Pas de gel nocturne, pas un nuage côté ouest. C'est un bon jour pour partir. A l'étage supérieur, le Yagour, un plateau verdoyant. Une ressource estivale pour les bergers quand le feu du soleil a condamné tout espoir de paître dans la vallée. Pas une bête avant le 15 juillet, c'est la règle stricte de l'Agdal. Les azibs, bergeries de montagne, sont donc vides de leurs propriétaires. Je m'offre un pique nique auto-bronzant au milieu d'un lotissement, soleil de plomb et neige de la veille. La digestion m'emmène dans une puissante rêverie entre préhistoire et pastoralité. En reprenant la ballade, je ne quitte pas la transe. Le revêtement est idéal. La spongiosité du sol apporte à l'herbe rase son moelleux, chaque pas est un délice. Un régal pour l'oeil également qui peut se libérer de la surveillance des appuis.

Deux silhouettes au loin. Je plisse les yeux comme pour vérifier une information que le cerveau aurait du mal à décoder. Deux cyclistes. Deux allumés au vu du choix de leur terrain de jeu. Nous nous rejoignons. Présentations d'usage. Ils sont Suisses. Presque les 3 Suisses, c'est passé fin. Ils prendront pour descendre mon chemin de ce matin. Ce qui leur garantit une descente des gorges avec un vélo sur le dos et c'est ce que je leur annonce pour la suite. Ils ne comptent pas faire demi-tour et c'est avec une grande sagesse qu'ils abordent ce moment qui sera long et fastidieux.

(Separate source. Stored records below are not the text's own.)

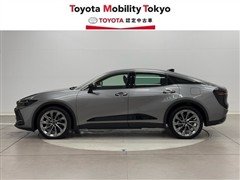 クラウンCO GアドバンスレザーP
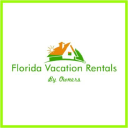 Floridavacationrentalsbyowners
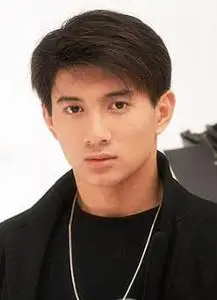 转弯(吴奇隆演唱歌曲) - 搜狗百科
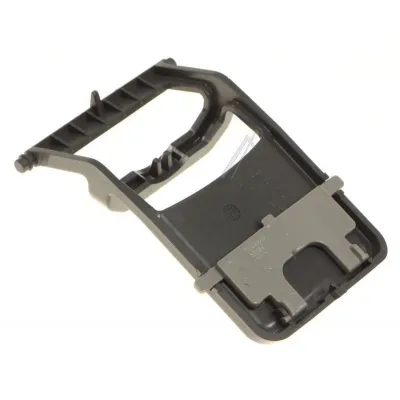 Wasserweiche Aqua für Kühlschrank Whirlpool Indesit 481010770009 Mechanik Wasser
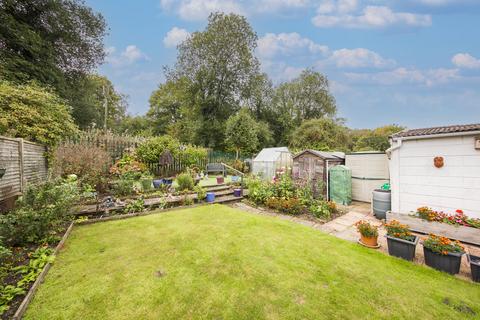 undefined, Cavendish Drive, Tunbridge Wells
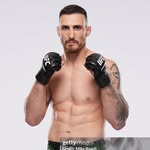 modyb24 profile picture
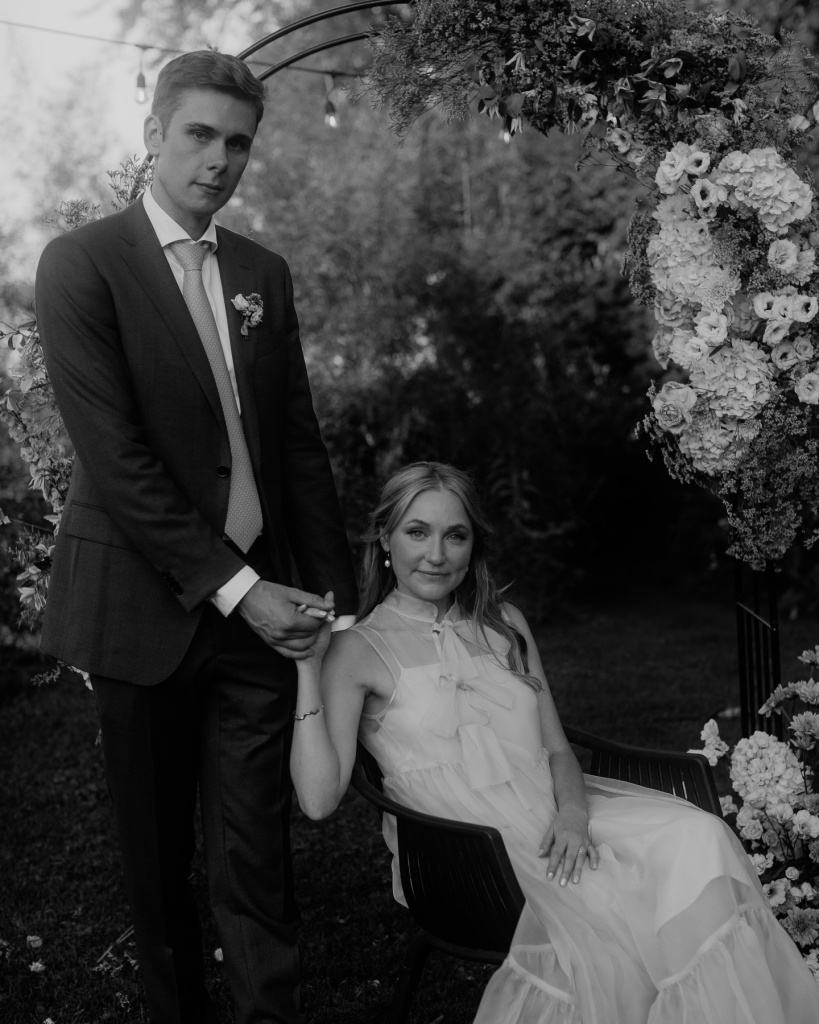 2_jessicasamynphotographe_1689003934_3143915327637271872_4142574882.jpg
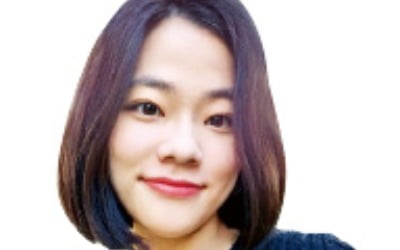  수험 생활 끝낸 지금…색다른 경험 해보면 어떨까요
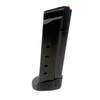 Smith & Wesson M&P 22 Magnum 30-Round Magazine, Open Box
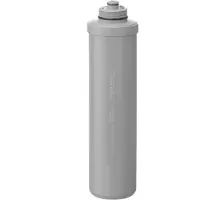 Hendi Filterinsats för ismaskinsfilter 30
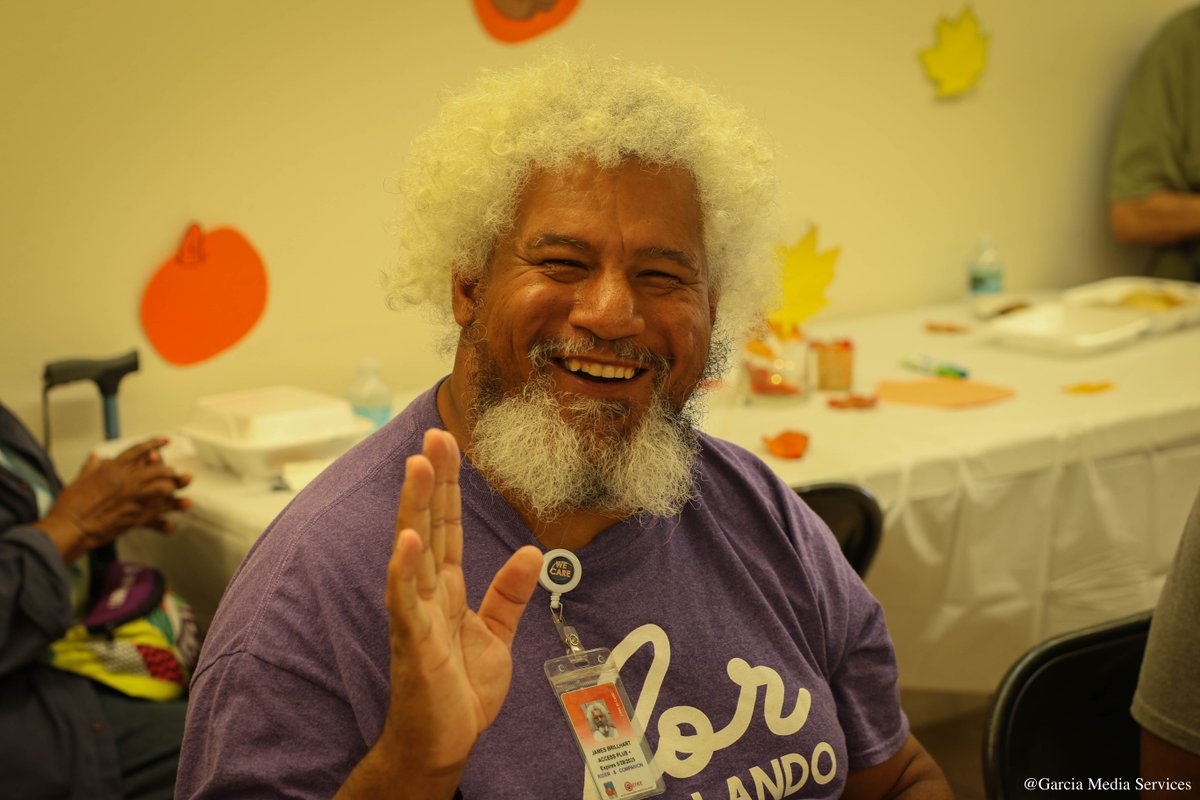 Pathlight HOME tweet media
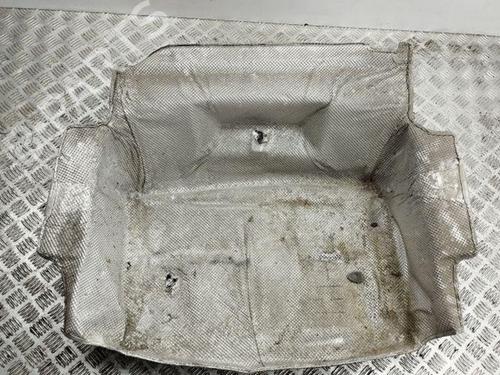 Used Pipe MASERATI QUATTROPORTE VI 3.0 S (411 hp) 28849862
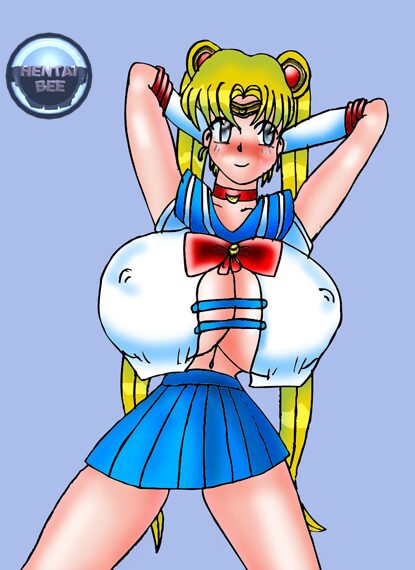 SailorMoon / /         sailormoon sailor moon saylor c sailor  saylor c sailor         eros hentai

Pas de programme aussi sportif pour ma pomme. Aucune envie de redescendre dans la vallée par cette belle fin d'après-midi. Marcher encore un peu avant le bivouac. Jusqu'au dernier groupe d'azibs. Je me garde les gravures rupestres pour demain matin. L'ouverture de la tente face au soleil couchant, je profiterai des lieux jusqu'au dernier rayon. Après la dernière caresse, la première morsure, celle du froid. La cloche a sonné, ça signifie d'aller dans son duvet. Depuis deux jours en compagnie nocturne d'une angine. Le silence requiert la paix intérieure. De l'autre côté du ruisseau qui me sépare des bergeries, un chat miaule, je ne suis pas seul. Le temps pour lui de traverser, pour moi de m'assoupir et voilà que je l'entends laper un fond d'eau fraîchement filtrée. Un dans la gorge, un devant la tente. Nuit féline.